5/12/19

The Extra-Calvinisticum Makes Sense on Platonic Grounds

There was a difference of opinion between Lutherans and Calvinist reformers in Christology regarding The Son as the Logos, Word or Verb of God and Jesus the fully incarnate man. Kenotic theory ran of the opinion that The Son emptied himself entirely into the fleshly incarnate being of Jesus. Calvin believed there was a difference.

The difference is that The Son and Logos, Verb or Word did not entirely transfer himself into the fleshy incarnation of Jesus Christ. If he had then Jesus wouldn't have been able to experience the human experience fully as he did. The juxtaposition of nature in the eternal and heavenly with the worldly and temporal creates implicit difficulties in understanding.

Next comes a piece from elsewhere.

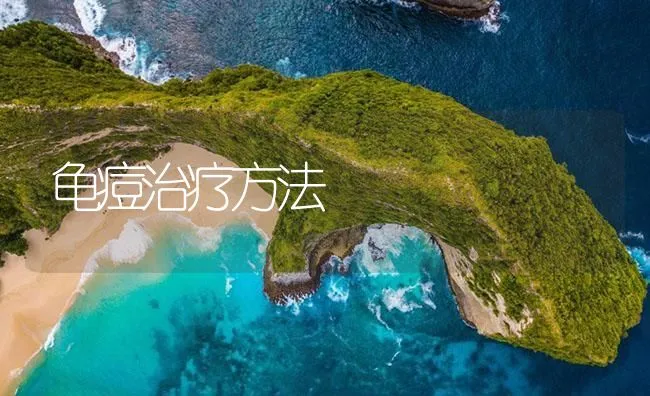 龟痘治疗方法 | 海水养殖技术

With Plato's theory of forms it is easy to find a solution to the enigma. Jesus as man was like a Universal form making itself into a particular, with the difference being that the particular was the Universal in nature and being, yet limited in the capacities of the Universal as the particular. While the particular fleshy form of Jesus could live as  a man, suffer and be crucified, the fleshy form could not have the vision and perspective of the Universal form.
Jesus as the Word of God, as The Son, would keep the experience of being a man upon return to the Universal form. For Jesus though the Universal form is the being containing all possible sets or forms including Himself as a particular. Upon visiting the disciples after crucifixion and resurrection the Lord Jesus had an ambiguous form neither entirely fleshy nor entirely Universal. A mode of being neither physical and subject to the physical laws of cosmology nor in a form of heavenly non-temporal being that is a metaphysical question for humans.

The Son as the progenitor of all forms was of God, and was with God co-eternally. The Son is God yet a distinct personality-for-others. When the Son became the particular Jesus Christ the form of The Son ineluctably remained while the particular expressed its existence.